It was Lanty's intention to take possession of his new purchase, and set out on his journey before the others were stirring; and with this object he wended his way across the weed-grown garden, and into the wide and dreary court-yard of the building.
Had he been disposed to moralize—assuredly an occupation he was little given to—he might have indulged the vein naturally enough, as he surveyed on every side the remains of long past greatness and present decay. Beautifully proportioned columns, with florid capitals, supplied the place of gate piers. Richly carved armorial bearings were seen upon the stones used to repair the breaches in the walls. Fragments of inscriptions and half obliterated dates appeared amid the moss-grown ruins; and the very, door of the stable had been a portal of dark oak, studded with large nails, its native strength having preserved it when even the masonry was crumbling to decay. Lanty passed these with perfect indifference. Their voice awoke no echo within his breast; and even when he noticed them, it was to mutter some jeering allusion to their fallen estate, rather than with any feeling of reverence for what they once represented.

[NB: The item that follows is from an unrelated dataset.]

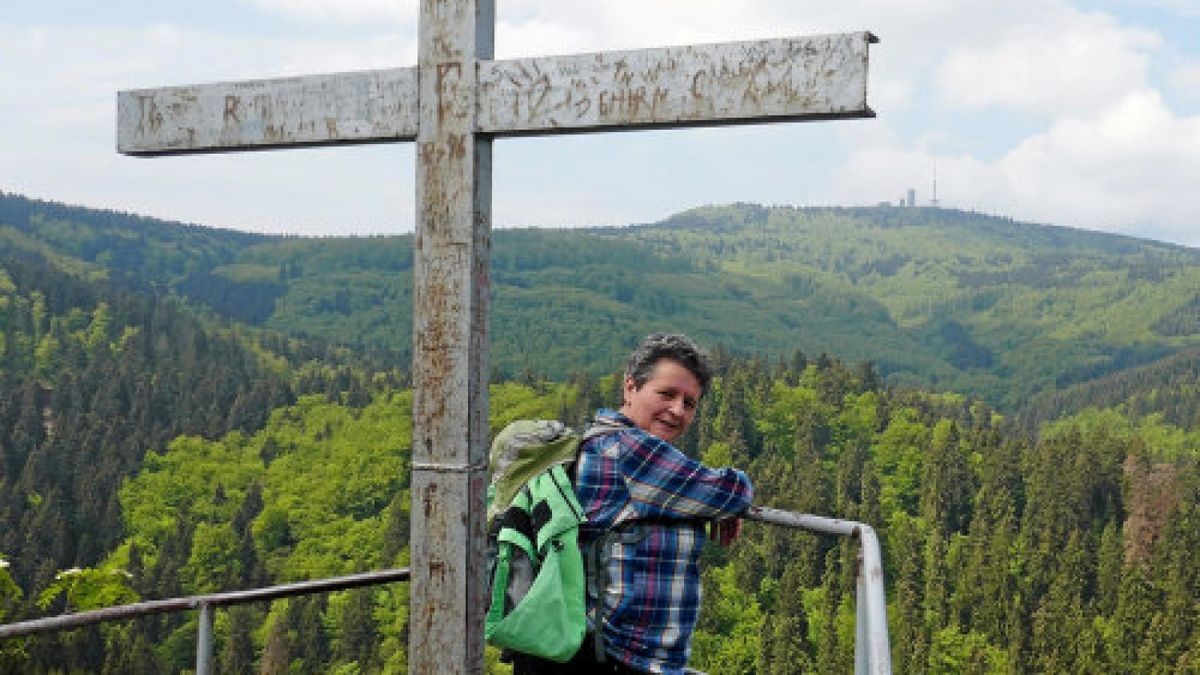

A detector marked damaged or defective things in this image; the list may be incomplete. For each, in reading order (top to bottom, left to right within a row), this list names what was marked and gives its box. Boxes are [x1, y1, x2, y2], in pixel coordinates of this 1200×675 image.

rusty metal cross [119, 3, 872, 672]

The deep bay of a hound now startled him, however. He turned suddenly round, and close beside him, but within the low wall of a ruined kennel-yard, lay a large foxhound, so old and feeble that, even roused by the approach of a stranger, he could not rise from the ground, but lay helplessly on the earth, and with uplifted throat sent forth a long wailing note. Lanty leaned upon the wall, and looked at him. The emotions which other objects failed to suggest, seemed to flock upon him now. That poor dog, the last of a once noble pack, whose melody used to ring through every glen and ravine of the wild mountains, was an appeal to his heart he could not withstand; and he stood with his gaze fixed upon him.
“Poor old fellow,” said he compassionately, “it's a lonely thing for you to be there now, and all your old friends and companions dead and gone. Rory, my boy, don't you know me?”
The tones of his voice seemed to soothe the animal, for he responded in a low cadence indescribably melancholy.
“That's my boy. Sure I knew you didn't forget me;” and he stooped over and patted the poor beast upon the head.
“The top of the morning to you, Mister Lawler,” cried out a voice straight over his head—and at the same instant a strange-looking face was protruded from a little one-paned window of a hay loft—“'tis early you are to-day.”
“Ah, Kerry, how are you, my man? I was taking a look at Rory here.”
“Faix, he's a poor sight now,” responded the other with a sigh; “but he wasn't so once. I mind the time he could lead the pack over Cubber-na-creena mountain, and not a dog but himself catch the scent, after a hard frost and a north wind. I never knew him wrong. His tongue was as true as the priest's—sorra he in it.”
A low whine from the poor old beast seemed to acknowledge the praise bestowed upon him; and Kerry continued—
“It's truth I'm telling; and if it wasn't, it's just himself would contradict me.—Tallyho! Rory—tallyho! my ould boy;” and both man and dog joined in a deep-toned cry together.
The old walls sent back the echoes, and for some seconds the sounds floated through the still air of the morning.
Lanty listened with animated features and lit-up eyes to notes which so often had stirred the strongest cords of his heart, and then suddenly, as if recalling his thoughts to their former channel, cried out—
“Come down, Kerry, my man—come down here, and unlock the door of the stable. I must be early on the road this morning.”
Kerry O'Leary—for so was he called, to distinguish him from those of the name in the adjoining county—soon made his appearance in the court-yard beneath. His toilet was a hasty one, consisting merely of a pair of worn corduroy small clothes and an old blue frock, with faded scarlet collar and cuffs, which, for convenience, he wore on the present occasion buttoned at the neck, and without inserting his arms in the sleeves, leaving these appendages to float loosely at his side. His legs and feet were bare, as was his head, save what covering it derived from a thick fell of strong black hair that hung down on every side like an ill-made thatch.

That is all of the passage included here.